## THE TASK
Nothing but the lines below, from the first through the line containing "May include: Four", should be set down, each one exactly and without pictures.

## SUPPLIED DATA
————————
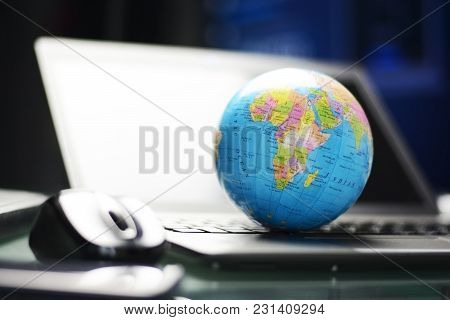 Global Business Or International Affairs Concept With Colorful Earth Globe On Computer Keyboard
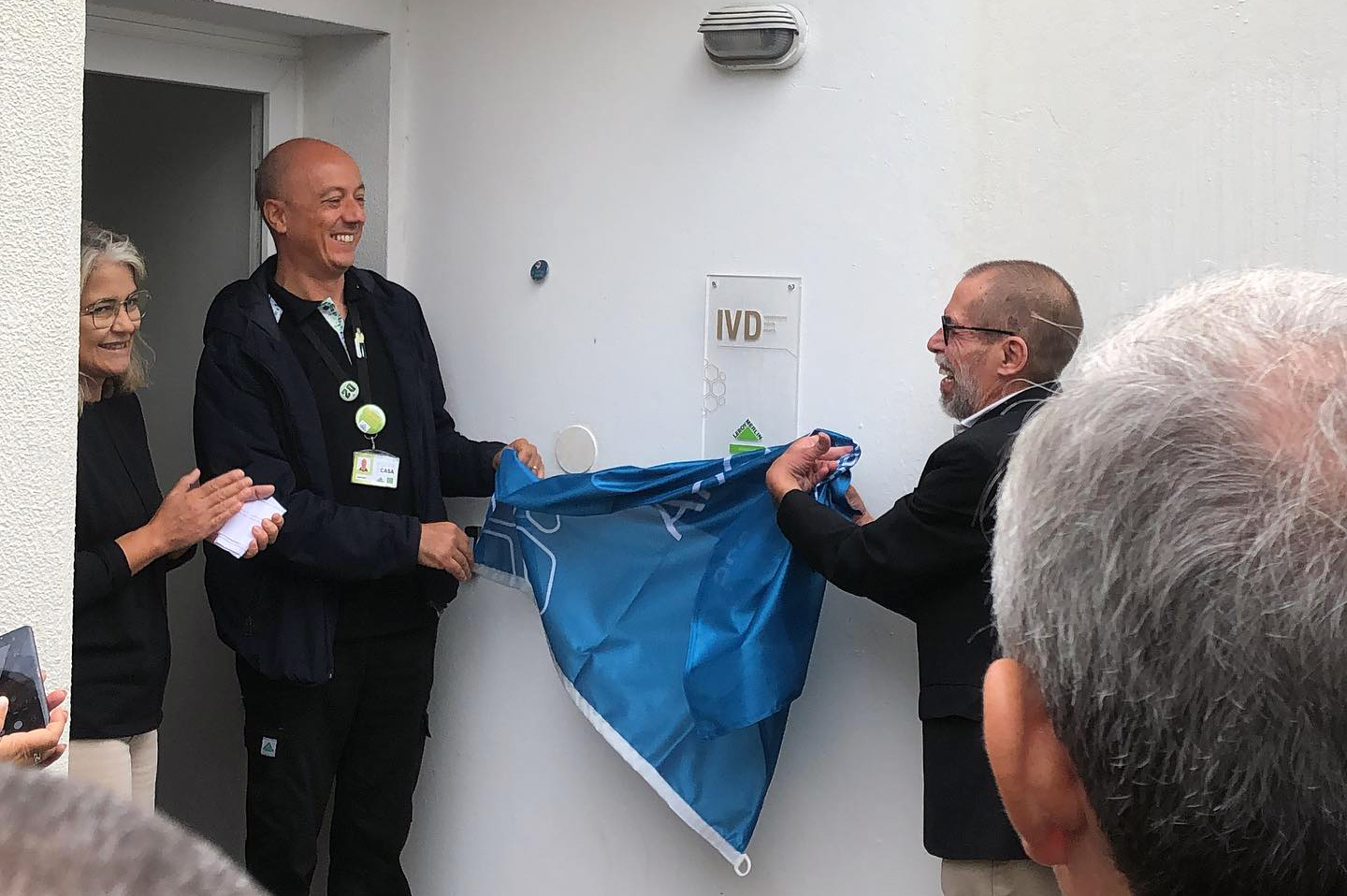 Duas pessoas retiram uma bandeira, da APPC, que cobria uma placa (com a indicação IVD). Mais à esquerda vê-se, parcialmente, uma terceira pessoa – igualmente sorridente.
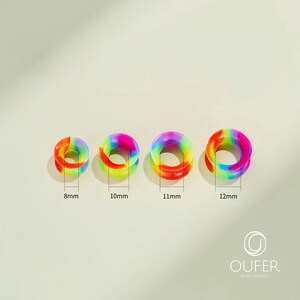 May include: Four rainbow-colored ear gauges in varying sizes: 8mm, 10mm, 11mm, and 12mm. Each gauge features a vibrant blend of colors, including red, orange, yellow, green, blue, and purple. The gauges are made of a smooth material.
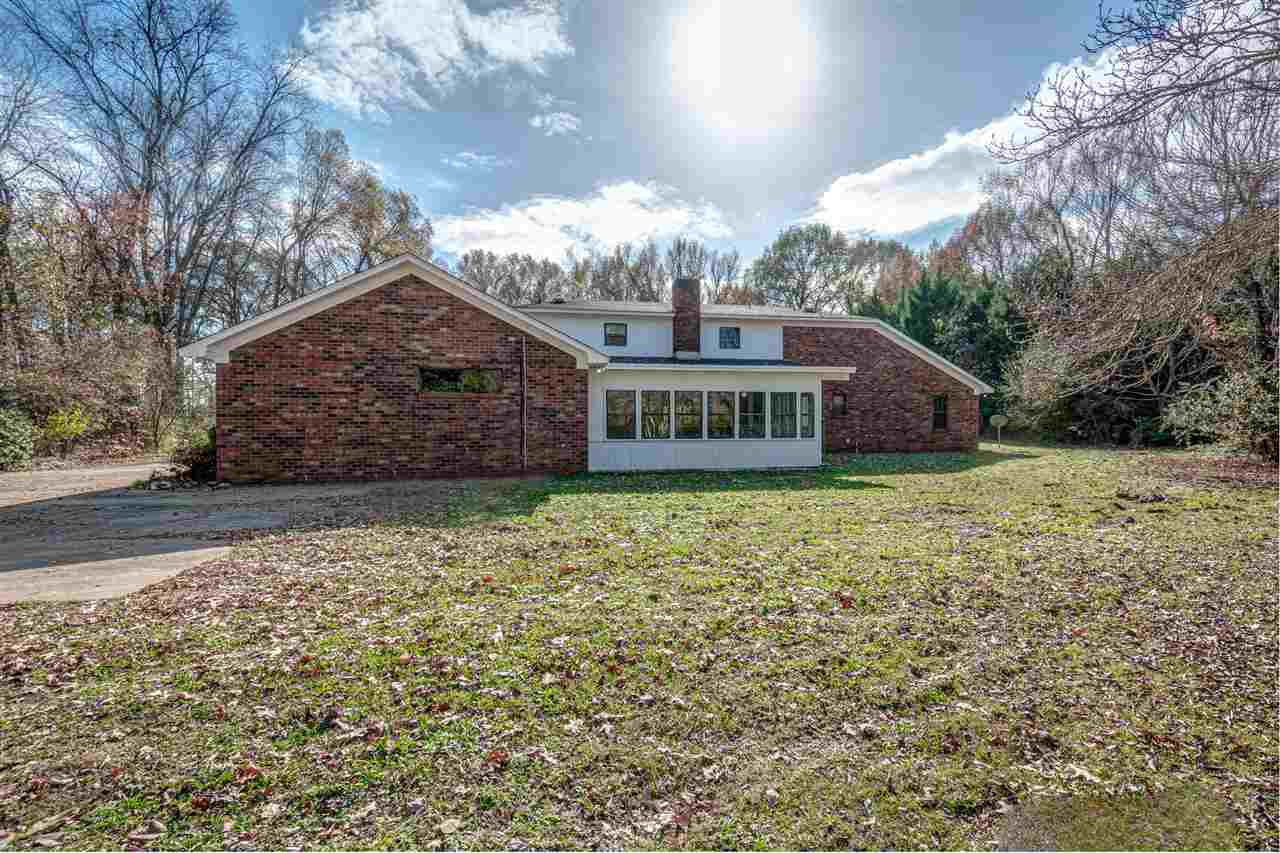 5230 Bateman Road Millington, TN 38053 - Photo 19 of 22 Large backyard, big enough for a pool or any outdoor activity. Septic lines are on side of home and have just recently been cleaned out.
————————
## REPLY
 Global Business Or International Affairs Concept With Colorful Earth Globe On Computer Keyboard
 Duas pessoas retiram uma bandeira, da APPC, que cobria uma placa (com a indicação IVD). Mais à esquerda vê-se, parcialmente, uma terceira pessoa – igualmente sorridente.
 May include: Four rainbow-colored ear gauges in varying sizes: 8mm, 10mm, 11mm, and 12mm. Each gauge features a vibrant blend of colors, including red, orange, yellow, green, blue, and purple. The gauges are made of a smooth material.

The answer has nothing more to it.